Wednesday, July 05, 2006

Canadian Gov't Funds Study On Effects Of Gay Activism

Count me IN or should I say OUT!!!

by Newscenter Staff

July 4, 2006 - 9:00 pm ET

(Ottawa) A federal government agency is funding a research study into the impact Canada's Constitution has had on the lives of gays and lesbians.

The Social Sciences and Humanities Research Council of Canada has awarded Prof. Miriam Smith of Trent University its prestigious Bora Laskin Fellowship.

Laskin was a former Chief Justice of the Supreme Court of Canada and noted constitutional expert.

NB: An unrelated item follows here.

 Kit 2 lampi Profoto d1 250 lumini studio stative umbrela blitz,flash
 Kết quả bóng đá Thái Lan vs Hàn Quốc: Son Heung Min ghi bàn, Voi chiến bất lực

“No one has gained more legal recognition from section 15 of the Canadian Charter of Rights and Freedoms — the section devoted to equality rights — than lesbian, gay, bisexual and transgender Canadians,” said Smith, who, in addition to her role at Trent, is a research associate at the University of Toronto’s Sexual Diversity Studies Center.

“I want to find out what difference that has made for political organizing and community development, and whether a new culture of activism has emerged as a result.”

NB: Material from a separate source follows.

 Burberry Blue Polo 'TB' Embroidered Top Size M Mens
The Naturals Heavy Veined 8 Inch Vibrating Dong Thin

Smith’s previous research found that the fight for legal rights in the last two decades had made lesbian, gay, bisexual and transgender organizations less radical.

For one thing, the battle was led by lawyers, traditionally a relatively conservative group. For another, success meant inclusion in the mainstream. “People now feel more accepted,” she says, “so they don’t feel they have to agree on every issue.”

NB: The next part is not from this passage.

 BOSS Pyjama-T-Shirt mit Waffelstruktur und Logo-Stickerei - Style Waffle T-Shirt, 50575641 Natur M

Another factor has been a legal provision under which the federal government is obligated to provide legal funding in constitutional challenges. That has made it economically viable for gays to bring challenges before the Supreme Court.

The question Smith now wants to answer is whether the high-profile struggle for same-sex marriage and similar rights has undermined a thriving grassroots LGBT political culture.

Smith said she will conduct research in Vancouver, Montreal, Halifax and Toronto. In each city, she will interview activists in three kinds of LGBT groups — youth, ethno-cultural and professional — that represent a range of political orientations.

“It’s important to know what’s really going on here in Canada,” she said, adding that her multi-disciplinary approach combines political science with law, sociology and urban geography.

“We tend to assume social patterns here are pretty much the same as in the U.S. and elsewhere—but that’s just not the case.”

Some critics have suggested that the study is in itself radical, but Smith points out that she is, in fact, asking traditional political science questions: what impact does law have on society? What effect do political institutions have on social movements?